Casey Martin, a former PGA Tour professional with a birth defect in his right leg called Klippel–Trénaunay syndrome, successfully sued the PGA Tour in 2001 for the right to use a cart in tournaments. He was Doyle’s first golf role model. Now the senior from Madison has the same impact on others.

“It’s truly inspirational that they can see that there’s something they can do, and he’s embraced it,” Mike Doyle said. “I think, at first, he didn’t understand how big of a deal that was. Now he loves being that inspiration for other people. ... It makes a parent very proud.”

Playing professionally is Doyle’s long-term goal. He wants to be the first Elon alum to reach the PGA Tour and to put on for his hometown of Madison. His most important goal, though, is to inspire children like him: the children who feel pain when they walk, the ones who think that because of their condition, sports are not an option.

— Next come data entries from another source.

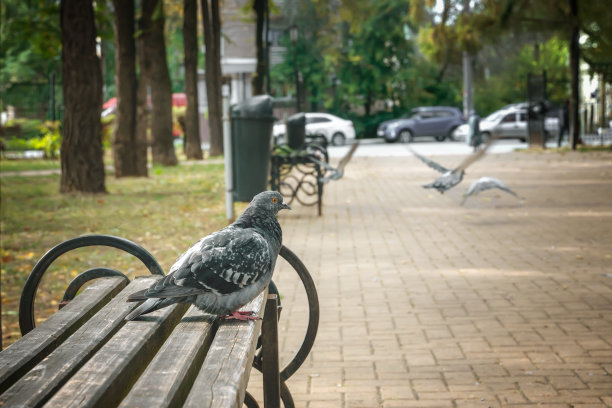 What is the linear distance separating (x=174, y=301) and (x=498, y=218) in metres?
9.35

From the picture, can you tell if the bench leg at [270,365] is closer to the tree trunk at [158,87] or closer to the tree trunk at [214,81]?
the tree trunk at [158,87]

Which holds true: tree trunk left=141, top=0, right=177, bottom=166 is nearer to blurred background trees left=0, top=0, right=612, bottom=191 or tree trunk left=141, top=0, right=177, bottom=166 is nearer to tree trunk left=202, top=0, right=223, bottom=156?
blurred background trees left=0, top=0, right=612, bottom=191

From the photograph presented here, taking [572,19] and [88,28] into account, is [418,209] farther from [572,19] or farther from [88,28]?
[572,19]

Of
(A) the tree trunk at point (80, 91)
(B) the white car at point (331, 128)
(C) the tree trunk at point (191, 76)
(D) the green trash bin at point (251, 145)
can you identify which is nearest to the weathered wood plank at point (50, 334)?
(D) the green trash bin at point (251, 145)

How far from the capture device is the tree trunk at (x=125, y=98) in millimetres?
18766

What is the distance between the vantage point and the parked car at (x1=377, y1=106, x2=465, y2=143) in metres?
42.5

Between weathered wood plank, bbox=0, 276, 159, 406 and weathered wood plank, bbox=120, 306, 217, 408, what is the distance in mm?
233

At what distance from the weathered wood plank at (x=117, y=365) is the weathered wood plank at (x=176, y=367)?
6 cm

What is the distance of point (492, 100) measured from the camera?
5238 centimetres

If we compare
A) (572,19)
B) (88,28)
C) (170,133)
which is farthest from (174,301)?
(572,19)

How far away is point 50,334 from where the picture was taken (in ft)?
9.34

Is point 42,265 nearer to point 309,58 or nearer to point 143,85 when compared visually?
point 143,85

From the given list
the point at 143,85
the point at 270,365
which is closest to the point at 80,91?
the point at 143,85

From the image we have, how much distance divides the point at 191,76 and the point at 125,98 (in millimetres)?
8296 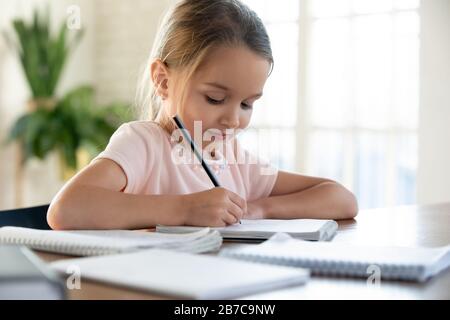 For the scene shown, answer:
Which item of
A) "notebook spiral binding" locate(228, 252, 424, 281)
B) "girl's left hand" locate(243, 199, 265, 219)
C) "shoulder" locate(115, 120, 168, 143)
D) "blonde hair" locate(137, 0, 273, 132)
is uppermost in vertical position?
"blonde hair" locate(137, 0, 273, 132)

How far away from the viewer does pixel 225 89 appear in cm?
134

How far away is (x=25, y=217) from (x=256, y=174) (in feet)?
1.87

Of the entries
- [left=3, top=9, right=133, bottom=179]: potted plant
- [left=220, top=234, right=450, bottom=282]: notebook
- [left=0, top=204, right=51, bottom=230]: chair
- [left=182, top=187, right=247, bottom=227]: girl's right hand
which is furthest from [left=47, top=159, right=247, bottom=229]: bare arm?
[left=3, top=9, right=133, bottom=179]: potted plant

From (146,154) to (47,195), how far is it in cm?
364

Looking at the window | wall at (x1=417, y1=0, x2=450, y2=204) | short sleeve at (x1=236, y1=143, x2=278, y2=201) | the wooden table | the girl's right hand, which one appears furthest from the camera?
the window

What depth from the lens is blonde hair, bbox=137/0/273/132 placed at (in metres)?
1.41

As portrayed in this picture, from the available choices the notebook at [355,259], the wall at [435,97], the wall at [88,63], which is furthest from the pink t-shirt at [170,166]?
the wall at [88,63]

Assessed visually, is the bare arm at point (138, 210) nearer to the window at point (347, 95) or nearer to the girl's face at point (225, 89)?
the girl's face at point (225, 89)

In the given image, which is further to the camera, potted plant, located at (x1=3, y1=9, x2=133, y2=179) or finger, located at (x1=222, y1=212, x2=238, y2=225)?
potted plant, located at (x1=3, y1=9, x2=133, y2=179)

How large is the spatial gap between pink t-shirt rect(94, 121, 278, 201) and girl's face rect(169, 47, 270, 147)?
3.4 inches

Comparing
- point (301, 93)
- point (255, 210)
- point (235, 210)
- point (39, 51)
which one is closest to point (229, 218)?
point (235, 210)

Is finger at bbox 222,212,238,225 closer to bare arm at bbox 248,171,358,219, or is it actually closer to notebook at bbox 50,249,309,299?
bare arm at bbox 248,171,358,219

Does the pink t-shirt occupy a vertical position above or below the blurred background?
below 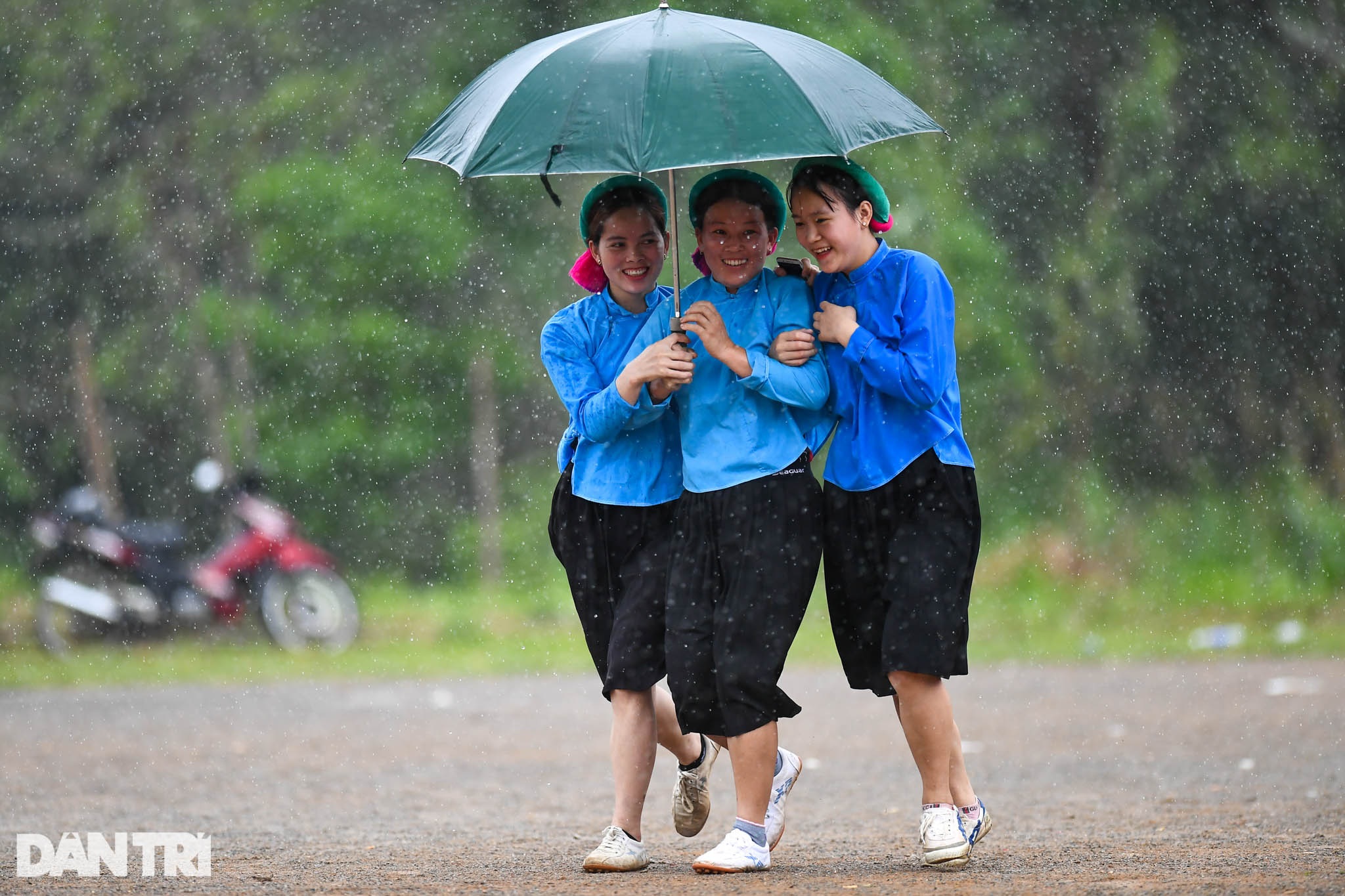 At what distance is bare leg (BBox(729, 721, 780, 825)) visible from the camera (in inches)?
174

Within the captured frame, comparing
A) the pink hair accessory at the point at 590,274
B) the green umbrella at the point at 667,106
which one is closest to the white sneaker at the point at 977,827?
the green umbrella at the point at 667,106

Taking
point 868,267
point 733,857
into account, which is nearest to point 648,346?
point 868,267

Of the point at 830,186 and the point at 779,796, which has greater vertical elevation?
the point at 830,186

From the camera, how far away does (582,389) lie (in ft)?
15.1

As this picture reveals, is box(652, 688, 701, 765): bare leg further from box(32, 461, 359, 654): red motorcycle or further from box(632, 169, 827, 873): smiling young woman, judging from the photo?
box(32, 461, 359, 654): red motorcycle

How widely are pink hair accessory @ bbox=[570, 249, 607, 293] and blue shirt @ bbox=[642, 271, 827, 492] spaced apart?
0.97 ft

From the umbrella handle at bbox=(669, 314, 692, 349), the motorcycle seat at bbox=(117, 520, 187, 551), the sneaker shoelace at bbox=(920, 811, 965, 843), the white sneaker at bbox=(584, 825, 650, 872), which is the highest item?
the umbrella handle at bbox=(669, 314, 692, 349)

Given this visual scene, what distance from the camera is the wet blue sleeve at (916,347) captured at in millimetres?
4340

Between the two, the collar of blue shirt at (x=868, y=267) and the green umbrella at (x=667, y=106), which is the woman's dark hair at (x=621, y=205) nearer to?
the green umbrella at (x=667, y=106)

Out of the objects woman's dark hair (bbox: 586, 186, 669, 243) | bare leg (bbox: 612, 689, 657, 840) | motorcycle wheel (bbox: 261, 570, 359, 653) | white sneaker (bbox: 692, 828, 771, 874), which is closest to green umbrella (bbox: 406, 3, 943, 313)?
woman's dark hair (bbox: 586, 186, 669, 243)

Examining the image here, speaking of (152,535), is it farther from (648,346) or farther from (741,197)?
(741,197)

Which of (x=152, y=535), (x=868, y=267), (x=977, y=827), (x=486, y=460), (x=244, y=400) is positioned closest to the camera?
(x=868, y=267)

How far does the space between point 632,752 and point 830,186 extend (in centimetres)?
160

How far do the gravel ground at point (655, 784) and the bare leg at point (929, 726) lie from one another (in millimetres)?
258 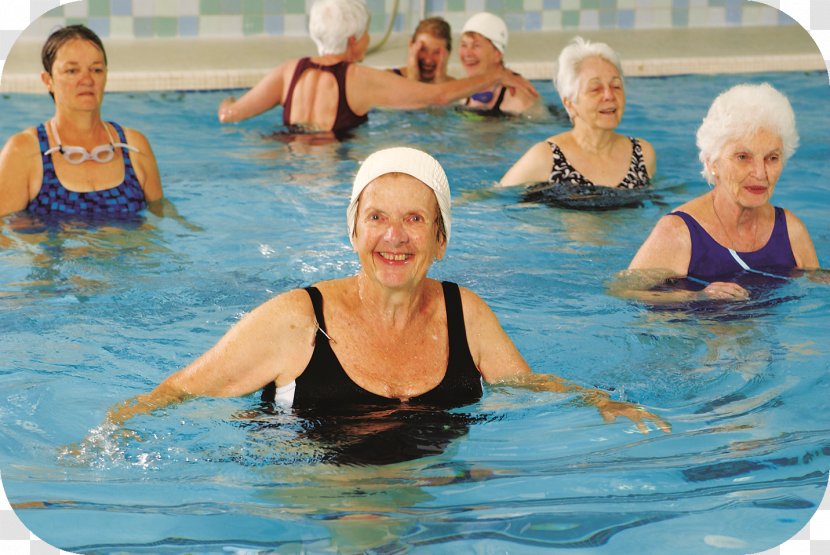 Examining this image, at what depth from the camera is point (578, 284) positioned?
588 centimetres

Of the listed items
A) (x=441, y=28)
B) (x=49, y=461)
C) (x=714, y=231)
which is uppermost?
(x=441, y=28)

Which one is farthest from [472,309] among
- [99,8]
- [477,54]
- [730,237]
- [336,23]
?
[99,8]

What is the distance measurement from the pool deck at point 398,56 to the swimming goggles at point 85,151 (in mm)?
4298

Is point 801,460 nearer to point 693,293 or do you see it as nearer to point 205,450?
point 693,293

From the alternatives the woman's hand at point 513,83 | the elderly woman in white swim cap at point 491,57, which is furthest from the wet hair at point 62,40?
the elderly woman in white swim cap at point 491,57

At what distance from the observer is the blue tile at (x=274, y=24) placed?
1242cm

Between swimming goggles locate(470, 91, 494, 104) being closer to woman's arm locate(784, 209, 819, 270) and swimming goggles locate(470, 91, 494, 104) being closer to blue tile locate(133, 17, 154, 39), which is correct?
blue tile locate(133, 17, 154, 39)

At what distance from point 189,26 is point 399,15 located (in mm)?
2186

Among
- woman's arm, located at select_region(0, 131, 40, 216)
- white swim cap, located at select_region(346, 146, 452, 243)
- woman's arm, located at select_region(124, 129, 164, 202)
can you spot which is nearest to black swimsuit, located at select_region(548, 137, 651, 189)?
woman's arm, located at select_region(124, 129, 164, 202)

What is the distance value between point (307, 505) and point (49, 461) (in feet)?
3.09

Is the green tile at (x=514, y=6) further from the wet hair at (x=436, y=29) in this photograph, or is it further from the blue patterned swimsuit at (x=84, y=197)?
the blue patterned swimsuit at (x=84, y=197)

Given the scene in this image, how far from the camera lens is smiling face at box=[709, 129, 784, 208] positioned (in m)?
5.14

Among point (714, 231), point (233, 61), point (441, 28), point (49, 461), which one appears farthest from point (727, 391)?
point (233, 61)

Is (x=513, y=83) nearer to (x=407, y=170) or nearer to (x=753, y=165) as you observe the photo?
(x=753, y=165) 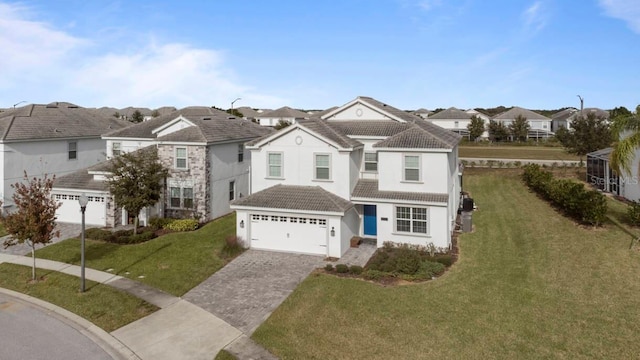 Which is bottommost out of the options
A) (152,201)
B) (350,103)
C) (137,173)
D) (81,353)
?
(81,353)

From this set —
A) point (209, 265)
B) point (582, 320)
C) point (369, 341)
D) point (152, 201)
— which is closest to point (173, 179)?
point (152, 201)

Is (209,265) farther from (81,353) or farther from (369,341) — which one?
(369,341)

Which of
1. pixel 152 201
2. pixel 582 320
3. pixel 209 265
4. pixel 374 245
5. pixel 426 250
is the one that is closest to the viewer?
pixel 582 320

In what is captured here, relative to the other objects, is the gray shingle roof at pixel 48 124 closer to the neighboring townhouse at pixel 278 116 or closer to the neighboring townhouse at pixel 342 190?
the neighboring townhouse at pixel 342 190

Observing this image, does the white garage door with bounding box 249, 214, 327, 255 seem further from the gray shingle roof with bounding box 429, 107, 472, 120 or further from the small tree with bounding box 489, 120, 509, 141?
the gray shingle roof with bounding box 429, 107, 472, 120

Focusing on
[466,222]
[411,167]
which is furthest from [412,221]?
[466,222]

“So many of those kids saw my story, so they started playing golf because of it,” Doyle said. “We get messages all the time about parents who are so proud of me — they don’t even know me, but they’re so proud of me because I got their kid into golf. I could have just quit all sports right there when I was 12. Instead, I chose to play golf, and now I’m fighting through it just to show people that there are always options for them, no matter what disability they have.”